The A27 motorway is a motorway in the Netherlands. It is approximately 109 kilometers in length.

The A27 is located in the Dutch provinces North Brabant, South Holland, Utrecht, North Holland, and Flevoland. It connects the city of Breda with Almere. On its way, it passes the cities of Gorinchem, Utrecht and Hilversum.

Route description

'Shared section' with A58 motorway

Although not officially a part of the Rijksweg 27, the section of the A58 motorway between interchanges Galder and Sint-Annabosch is also being referred to as A27, next to the road's official reference number A58.

Technically this situation is incorrect, since the A27's official start is only at interchange Sint-Annabosch.  However, the reference A27 has probably been added to the road signs to help traffic coming from Antwerp in finding their way from the A16 / E19 towards the A27.

European routes

No major European routes follow the A27 motorway.

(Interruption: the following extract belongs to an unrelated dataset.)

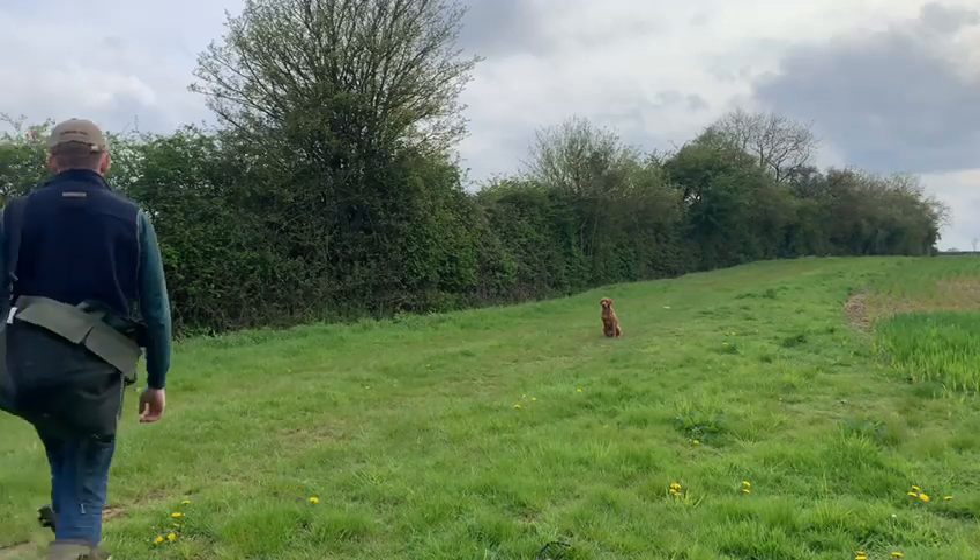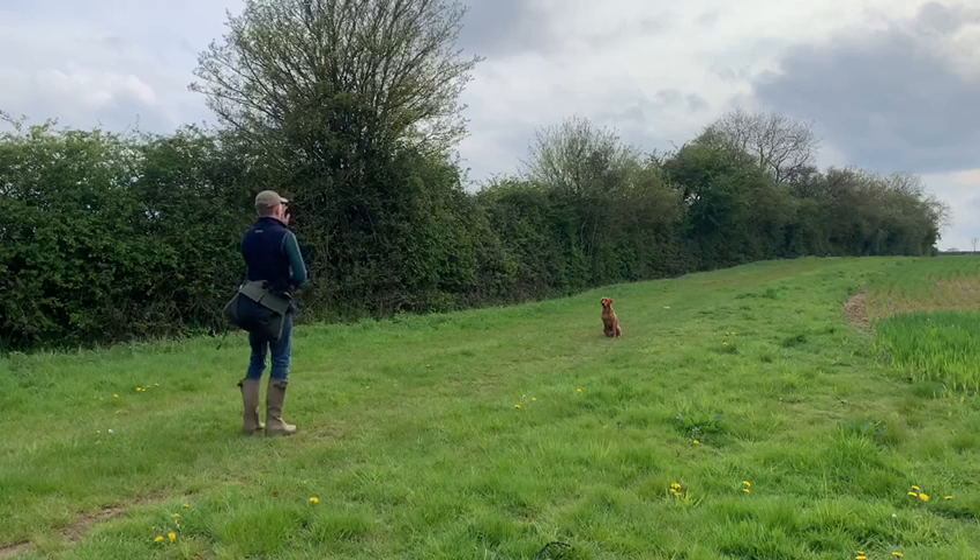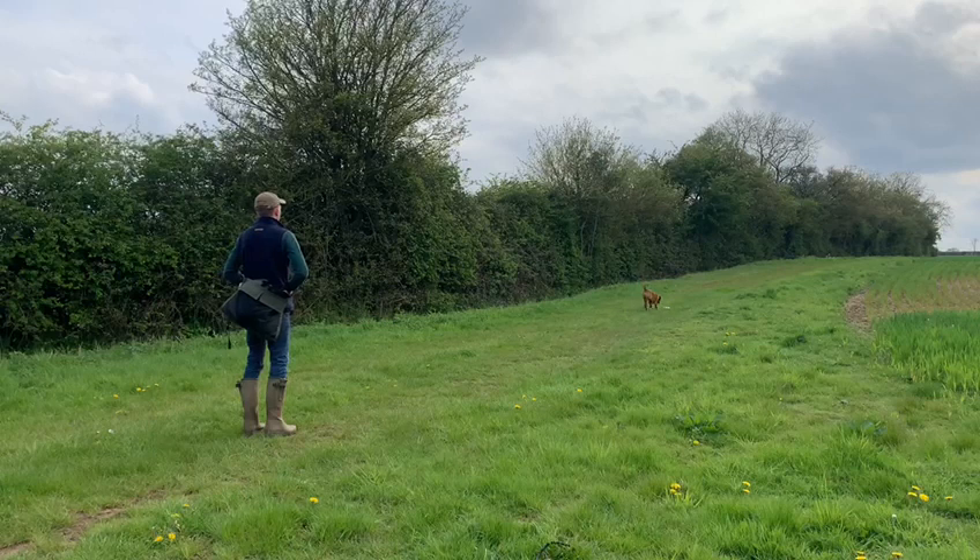This week we're going to work on Riley's stop whistle. It's gone downhill in recent weeks so we're going to take things back to basics and follow the steps. I've got her sat roughly where I want her to stop and I'm going to blow the stop whistle and send her back for a couple of bits of kibble in the bowl.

The only one to follow it, is the E311 road between interchange Sint-Annabosch near Breda and interchange Lunetten near Utrecht. This section of the A27 immediately comprises the entire E311 road, since it does not follow any other roads.

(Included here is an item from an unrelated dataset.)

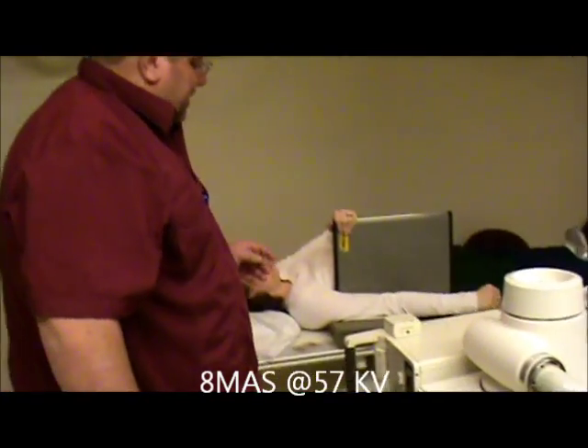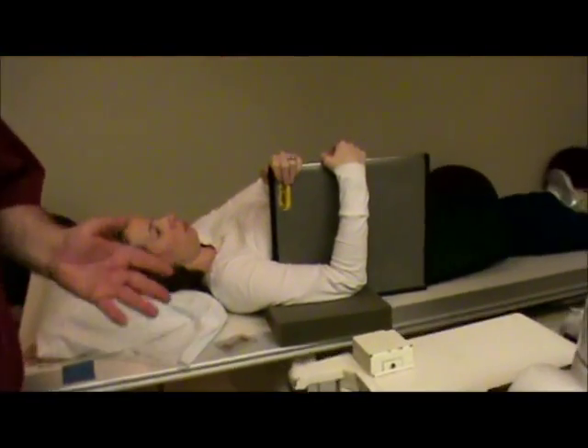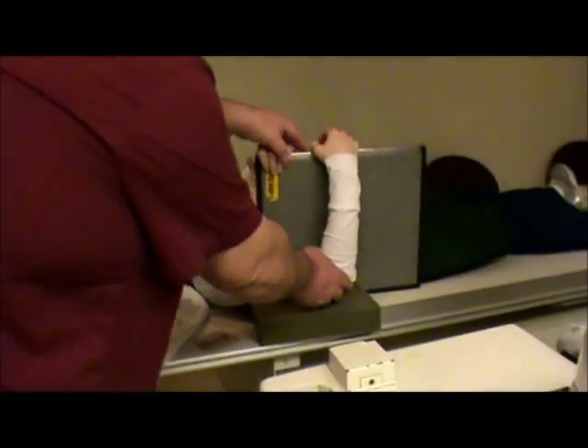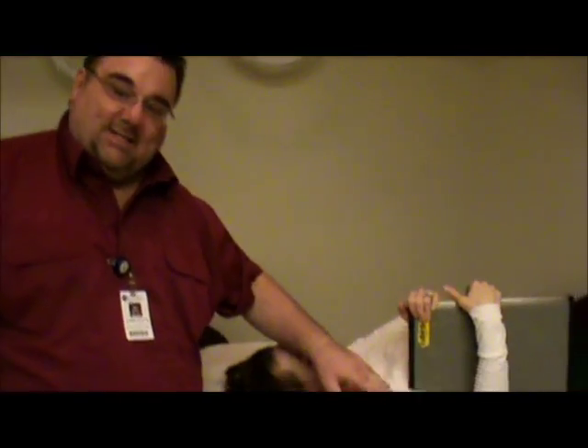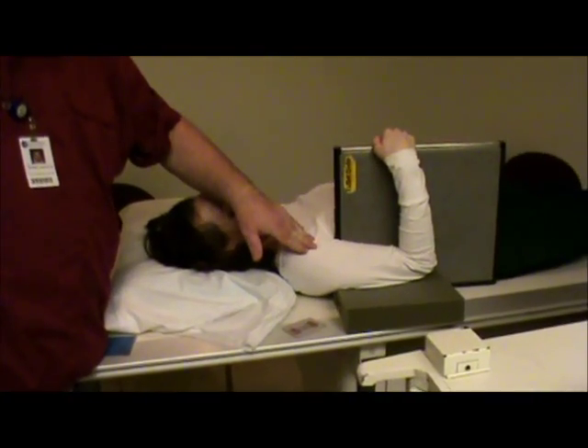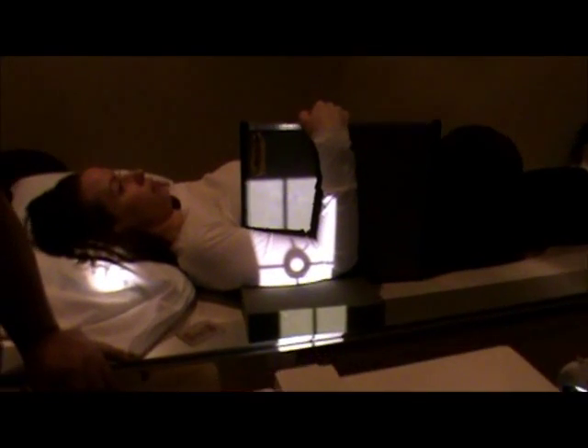If the patient can keep their arm bent, we'll try to get it bent. If they can't, we can lay it out flat — whatever way the patient can manage. We're going to get as close as we can to the film. The film will go up into the axilla as far as it can possibly go. Then I'm going to move up and down the arm until the collimation comes in to the elbow and reaches the top of the film.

Besides, the 'shared section' with the A58 is part of the European route E312.

History
The northernmost section, connecting the town of Huizen with Almere, has been opened in 1999.

Exit list

See also
List of motorways in the Netherlands
List of E-roads in the Netherlands

References

External links

Motorways in the Netherlands
Motorways in Flevoland
Motorways in North Brabant
Motorways in North Holland
Motorways in South Holland
Motorways in Utrecht (province)
Transport in Breda
Transport in Utrecht (city)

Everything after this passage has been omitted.